#### Work order
Using the data below, return all lines in which "show" appears.
(Data under study begins)
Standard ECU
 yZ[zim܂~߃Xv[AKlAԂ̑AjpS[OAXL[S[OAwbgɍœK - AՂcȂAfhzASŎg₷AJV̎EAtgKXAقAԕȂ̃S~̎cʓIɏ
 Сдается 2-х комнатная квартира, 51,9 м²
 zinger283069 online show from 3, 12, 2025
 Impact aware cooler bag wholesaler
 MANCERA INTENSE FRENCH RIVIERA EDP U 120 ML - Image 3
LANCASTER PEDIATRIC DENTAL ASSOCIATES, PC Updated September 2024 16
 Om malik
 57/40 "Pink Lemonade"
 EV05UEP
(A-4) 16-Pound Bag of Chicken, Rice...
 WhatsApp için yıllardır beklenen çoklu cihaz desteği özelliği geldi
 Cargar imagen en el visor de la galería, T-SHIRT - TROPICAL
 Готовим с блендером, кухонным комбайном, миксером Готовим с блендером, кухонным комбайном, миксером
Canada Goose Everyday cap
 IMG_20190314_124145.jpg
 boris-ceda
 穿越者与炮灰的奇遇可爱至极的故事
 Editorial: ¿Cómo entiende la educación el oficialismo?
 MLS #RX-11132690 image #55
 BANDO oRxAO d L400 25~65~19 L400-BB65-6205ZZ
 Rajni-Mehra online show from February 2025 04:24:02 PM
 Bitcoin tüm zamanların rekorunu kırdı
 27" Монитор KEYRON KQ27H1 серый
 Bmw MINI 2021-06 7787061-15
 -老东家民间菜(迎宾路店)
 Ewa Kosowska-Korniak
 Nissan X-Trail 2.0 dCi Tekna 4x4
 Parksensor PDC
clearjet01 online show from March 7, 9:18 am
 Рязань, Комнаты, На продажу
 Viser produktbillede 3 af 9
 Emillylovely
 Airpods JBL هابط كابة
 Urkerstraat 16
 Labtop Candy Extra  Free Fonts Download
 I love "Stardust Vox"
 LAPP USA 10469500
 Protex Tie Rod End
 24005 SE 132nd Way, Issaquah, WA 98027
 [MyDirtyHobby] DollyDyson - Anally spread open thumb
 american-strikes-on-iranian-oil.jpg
(Data under study ends)
#### Written reply
 zinger283069 online show from 3, 12, 2025
 Rajni-Mehra online show from February 2025 04:24:02 PM
clearjet01 online show from March 7, 9:18 am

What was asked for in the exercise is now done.